(Items from a data source)
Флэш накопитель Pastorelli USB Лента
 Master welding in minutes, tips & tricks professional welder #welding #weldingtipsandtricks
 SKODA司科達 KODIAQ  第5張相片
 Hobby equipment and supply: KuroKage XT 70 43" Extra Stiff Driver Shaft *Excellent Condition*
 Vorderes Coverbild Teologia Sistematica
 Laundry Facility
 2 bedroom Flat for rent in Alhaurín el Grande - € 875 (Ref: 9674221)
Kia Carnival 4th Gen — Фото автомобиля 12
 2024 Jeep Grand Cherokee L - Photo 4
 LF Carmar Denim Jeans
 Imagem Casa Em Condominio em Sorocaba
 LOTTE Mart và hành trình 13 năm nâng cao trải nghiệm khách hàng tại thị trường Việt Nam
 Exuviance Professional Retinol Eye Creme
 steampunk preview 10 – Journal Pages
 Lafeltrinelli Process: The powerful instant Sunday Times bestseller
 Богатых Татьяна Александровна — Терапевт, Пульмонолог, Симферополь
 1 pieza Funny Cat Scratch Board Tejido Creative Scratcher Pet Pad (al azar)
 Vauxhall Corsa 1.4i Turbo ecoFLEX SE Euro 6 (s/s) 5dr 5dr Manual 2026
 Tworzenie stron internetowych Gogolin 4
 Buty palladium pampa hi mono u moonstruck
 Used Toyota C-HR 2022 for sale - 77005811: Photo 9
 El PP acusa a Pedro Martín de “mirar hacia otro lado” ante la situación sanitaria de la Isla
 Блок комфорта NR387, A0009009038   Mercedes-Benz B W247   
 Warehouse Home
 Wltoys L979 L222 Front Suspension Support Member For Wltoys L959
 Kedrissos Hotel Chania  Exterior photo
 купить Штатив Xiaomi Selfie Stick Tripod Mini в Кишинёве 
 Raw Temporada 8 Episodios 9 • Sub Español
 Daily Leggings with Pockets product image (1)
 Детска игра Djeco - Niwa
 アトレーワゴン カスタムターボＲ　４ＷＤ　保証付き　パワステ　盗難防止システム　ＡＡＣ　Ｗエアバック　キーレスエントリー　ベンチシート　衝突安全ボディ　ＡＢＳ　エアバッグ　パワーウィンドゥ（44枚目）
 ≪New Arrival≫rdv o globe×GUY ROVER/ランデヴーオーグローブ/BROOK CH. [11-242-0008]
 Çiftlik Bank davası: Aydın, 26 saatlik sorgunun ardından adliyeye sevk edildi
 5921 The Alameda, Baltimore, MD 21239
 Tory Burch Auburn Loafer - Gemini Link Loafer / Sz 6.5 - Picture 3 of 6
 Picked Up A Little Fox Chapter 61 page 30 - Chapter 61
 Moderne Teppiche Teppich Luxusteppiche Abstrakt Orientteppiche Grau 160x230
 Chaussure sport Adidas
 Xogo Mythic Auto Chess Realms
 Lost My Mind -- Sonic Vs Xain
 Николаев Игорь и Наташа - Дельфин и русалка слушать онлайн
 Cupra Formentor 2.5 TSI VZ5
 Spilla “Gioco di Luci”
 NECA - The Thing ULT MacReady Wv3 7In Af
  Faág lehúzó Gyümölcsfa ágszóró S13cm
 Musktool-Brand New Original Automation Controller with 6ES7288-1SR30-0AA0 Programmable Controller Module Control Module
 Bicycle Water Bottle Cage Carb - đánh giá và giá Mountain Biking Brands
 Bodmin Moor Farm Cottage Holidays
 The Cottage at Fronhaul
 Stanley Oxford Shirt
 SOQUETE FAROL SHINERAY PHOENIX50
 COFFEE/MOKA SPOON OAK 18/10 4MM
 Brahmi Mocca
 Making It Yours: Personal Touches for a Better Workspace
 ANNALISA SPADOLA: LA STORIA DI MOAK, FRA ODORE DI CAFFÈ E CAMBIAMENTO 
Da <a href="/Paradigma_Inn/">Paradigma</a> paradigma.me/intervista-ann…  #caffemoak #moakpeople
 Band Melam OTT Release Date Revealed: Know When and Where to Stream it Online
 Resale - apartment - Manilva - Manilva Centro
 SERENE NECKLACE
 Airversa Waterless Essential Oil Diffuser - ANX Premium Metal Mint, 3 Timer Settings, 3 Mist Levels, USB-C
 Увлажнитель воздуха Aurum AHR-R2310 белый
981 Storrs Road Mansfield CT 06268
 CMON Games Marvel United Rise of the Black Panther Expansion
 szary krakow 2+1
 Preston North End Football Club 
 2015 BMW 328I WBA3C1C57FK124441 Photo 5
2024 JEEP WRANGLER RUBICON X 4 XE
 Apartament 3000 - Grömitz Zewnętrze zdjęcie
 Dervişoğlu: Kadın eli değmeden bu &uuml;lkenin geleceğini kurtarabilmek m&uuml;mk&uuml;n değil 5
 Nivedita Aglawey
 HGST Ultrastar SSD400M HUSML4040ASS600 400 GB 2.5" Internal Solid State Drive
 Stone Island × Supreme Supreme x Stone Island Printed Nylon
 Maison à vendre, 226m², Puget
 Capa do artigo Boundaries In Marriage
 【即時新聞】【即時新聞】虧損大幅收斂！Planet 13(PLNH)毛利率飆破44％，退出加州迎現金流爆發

**WORK INSTRUCTIONS:** What you return must be the lines above that run from the line with "купить Штатив Xiaomi" to the line with "CMON Games Marvel", inclusive, each copied exactly.

**TASK ANSWER:**
 купить Штатив Xiaomi Selfie Stick Tripod Mini в Кишинёве 
 Raw Temporada 8 Episodios 9 • Sub Español
 Daily Leggings with Pockets product image (1)
 Детска игра Djeco - Niwa
 アトレーワゴン カスタムターボＲ　４ＷＤ　保証付き　パワステ　盗難防止システム　ＡＡＣ　Ｗエアバック　キーレスエントリー　ベンチシート　衝突安全ボディ　ＡＢＳ　エアバッグ　パワーウィンドゥ（44枚目）
 ≪New Arrival≫rdv o globe×GUY ROVER/ランデヴーオーグローブ/BROOK CH. [11-242-0008]
 Çiftlik Bank davası: Aydın, 26 saatlik sorgunun ardından adliyeye sevk edildi
 5921 The Alameda, Baltimore, MD 21239
 Tory Burch Auburn Loafer - Gemini Link Loafer / Sz 6.5 - Picture 3 of 6
 Picked Up A Little Fox Chapter 61 page 30 - Chapter 61
 Moderne Teppiche Teppich Luxusteppiche Abstrakt Orientteppiche Grau 160x230
 Chaussure sport Adidas
 Xogo Mythic Auto Chess Realms
 Lost My Mind -- Sonic Vs Xain
 Николаев Игорь и Наташа - Дельфин и русалка слушать онлайн
 Cupra Formentor 2.5 TSI VZ5
 Spilla “Gioco di Luci”
 NECA - The Thing ULT MacReady Wv3 7In Af
  Faág lehúzó Gyümölcsfa ágszóró S13cm
 Musktool-Brand New Original Automation Controller with 6ES7288-1SR30-0AA0 Programmable Controller Module Control Module
 Bicycle Water Bottle Cage Carb - đánh giá và giá Mountain Biking Brands
 Bodmin Moor Farm Cottage Holidays
 The Cottage at Fronhaul
 Stanley Oxford Shirt
 SOQUETE FAROL SHINERAY PHOENIX50
 COFFEE/MOKA SPOON OAK 18/10 4MM
 Brahmi Mocca
 Making It Yours: Personal Touches for a Better Workspace
 ANNALISA SPADOLA: LA STORIA DI MOAK, FRA ODORE DI CAFFÈ E CAMBIAMENTO 
Da <a href="/Paradigma_Inn/">Paradigma</a> paradigma.me/intervista-ann…  #caffemoak #moakpeople
 Band Melam OTT Release Date Revealed: Know When and Where to Stream it Online
 Resale - apartment - Manilva - Manilva Centro
 SERENE NECKLACE
 Airversa Waterless Essential Oil Diffuser - ANX Premium Metal Mint, 3 Timer Settings, 3 Mist Levels, USB-C
 Увлажнитель воздуха Aurum AHR-R2310 белый
981 Storrs Road Mansfield CT 06268
 CMON Games Marvel United Rise of the Black Panther Expansion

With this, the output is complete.